Opinion
No. 6547.
April 20, 1921.
Error from Tarrant County Court; W. P. Walker, Judge.
Action by F. A. Officer against A. R. Curtner and another, with attachment. The F. M. National Bank of Hobart, Okla., had judgment on its claim of the attached property, and plaintiff brings error. Affirmed.
Marvin H. Brown and Charles T. Rowland, both of Fort Worth, for plaintiff in error.
Slay, Simon, Smith Morris, C. E. McGaw, and Hugh B. Smith, all of Fort Worth, for defendant in error.
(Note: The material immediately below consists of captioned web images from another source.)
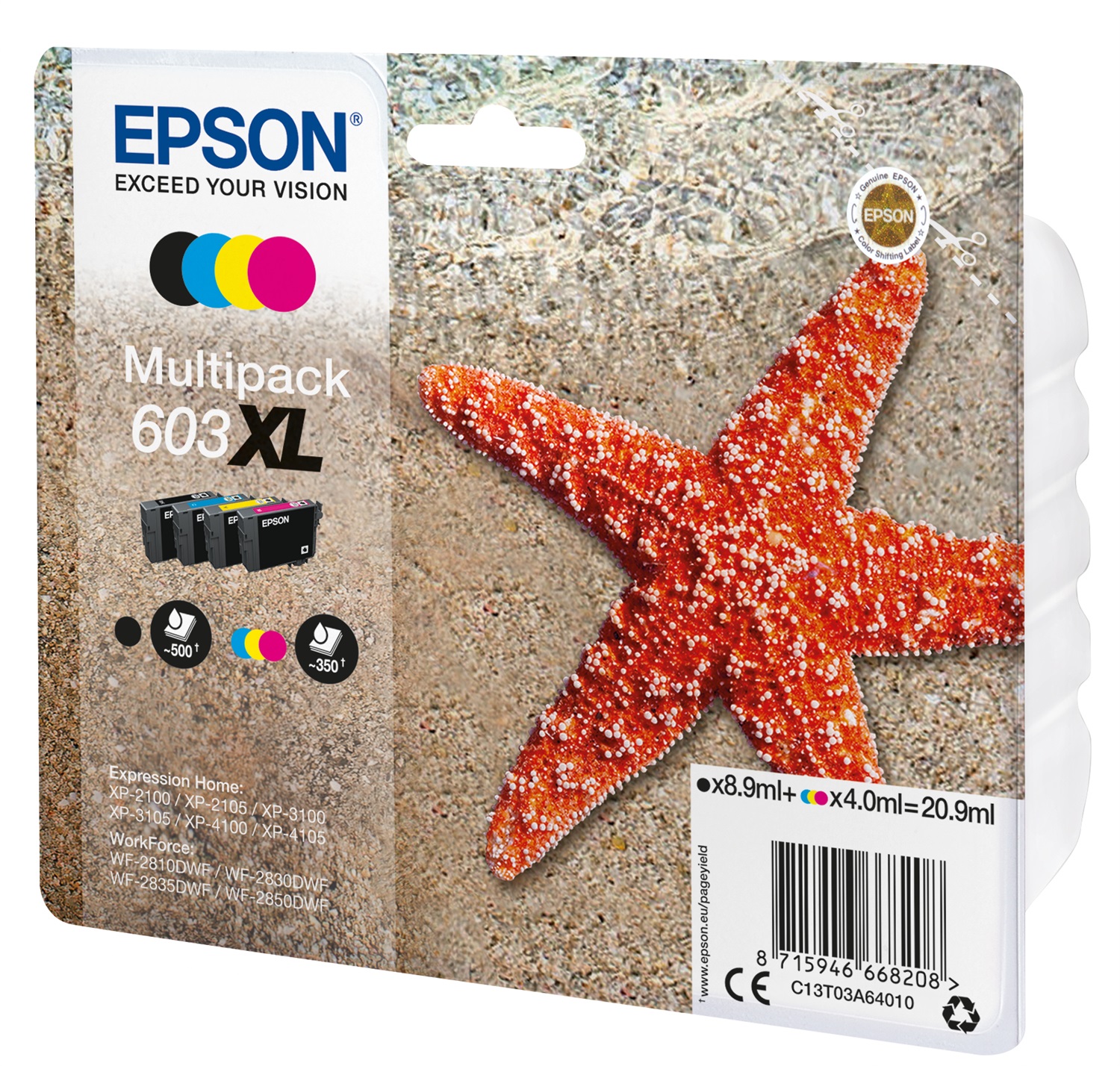 Epson 603XL Multipack Cartucce d'Inchiostro Originali 4 Colori - Nero 8,9 ml, Ciano 4,0 ml, Magenta 4,0 ml, Giallo 4,0 ml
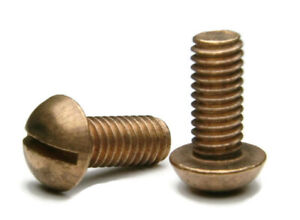 Select Length & Qty #6-32Silicon Bronze Slotted Round Head Machine Screw 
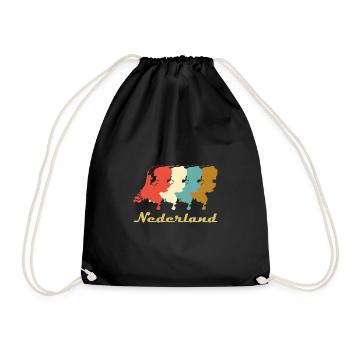Nederland Netherlands gift - Drawstring Bag - black - Front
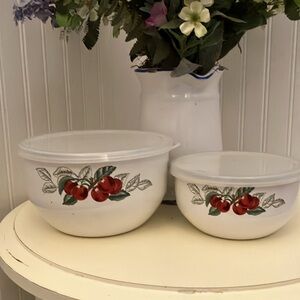 Charter Club Pair Of Enamelware Bowls With Plastic Tab Lids For Storage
Plaintiff in error sued A. R. Curtner and J. V. Curtner, and caused an attachment to be issued and levied on two carloads of hay, standing on the railroad tracks in Fort Worth, Tex., in the possession of the Frisco Railway Company in Fort Worth, Tex., shipped by A. R. and J. V. Curtner, partners, hay dealers in Hobart, Kiowa county, state of Oklahoma, to Carlton Smith Grain Company at Fort Worth, Tex., with bill of lading and draft attached, assigned to the Farmers' Merchants' National Bank of Hobart, Okla., defendant in error, who paid the Curtners the money thereon by giving them proper credit in their bank and depositing it in their name.
The defendant in error made claimant's oath and bond and took charge of the property and caused the same to be sold and received the proceeds thereof. Whereupon an issue of the right of property was made before the court, and determined without a jury, the court rendering a judgment for the defendant in error.
The court found definitely and specifically that at the time of the issuance of the writ of attachment, and its levy and seizure, the property was not subject to the attachment and created no lien on said property because it "was the property of the defendant, Farmers' Merchants' National Bank of Hobart, Okla., and that the said defendant, Farmers' Merchants' National Bank of Hobart, Okla., is entitled to recover the same and retain possession thereof." We have read the statement of facts, and it fully sustains the court's finding.
After the Curtners indorsed the bills of lading in blank on the back "Curtner Co.," it was assigned to defendant in error, together with the drafts drawn in their favor, and thereafter they laid no claim whatever to the hay. They were given credit for the amount of the drafts by the Bank. When the deliveries of the drafts and bills of lading to defendant in error were made, they owed overdrafts. When Curtner Co. brought the bills of lading indorsed in blank with the drafts made out to the bank, it was deposited to their account, and credit given for the amount of each draft, in their passbook, without any other agreement in respect to the same than is usual and customary with banks and depositors in making same in ordinary cases. If the sale had not gone through, the bank would not have credited the Curtners' account with the amount of these drafts, because the bank would not have had anything to charge it to. The testimony showed the account between the bank and the Curtners at various and sundry times, during their business dealings, overdrawn.
One of the reasons given why plaintiff in error contends that the judgment should be rendered in his favor is because they contend the relation of principal and agency existed between the bank and Curtners, and not that of debtor and creditor. And, further, among other things to prove agency, it is contended after the levy of the attachment the Curtners sold the hay; thereby it shows they were exercising ownership. The question of agency is one of fact and the court has found against this contention. As the Curtners were accustomed to handling and selling hay, and interested in its bringing a good price, we do not see why, after the levy and replevy, the bank might not be justified in doing this very thing, in the absence of any allegation and proof of fraud.
Both parties cite numerous authorities to sustain their contentions. But we believe the law to be that when, as in this case, the assignment and delivery of a bill of lading for the hay, together with draft drawn in their favor on the bank, accepted by the bank, and entered to their credit, as well as in their passbook, and allowing them to draw on the deposit draft, passed the title to the bank of the hay, and of course would not be subject to attachment, nor would the proceeds be subject to garnishment. West Tex. Bank v. Wichita Mill Elevator Co., 194 S.W. 835; W. F. Wilson Grain Co. v. Central Nat. Bank, 139 S.W. 996; Bank v. Davis, 178 S.W. 671; Vaughan v. F. M. Nat. Bank of Alvord, 59 Tex. Civ. App. 380, 126 S.W. 690; Burton v. U.S., 196 U.S. 283, 25 Sup.Ct. 243, 49 L.Ed. 482; Citizens' State Bank v. Ferson, 208 S.W. 137; Com. Nat. Bank v. Heid Bros., 226 S.W. 809.
Every issue of fact urged by plaintiff in error to induce us to render the judgment in his favor has been found by the trial court against him. We do not think there is any reversible error assigned. The assignments are overruled, and the judgment of the trial court is affirmed.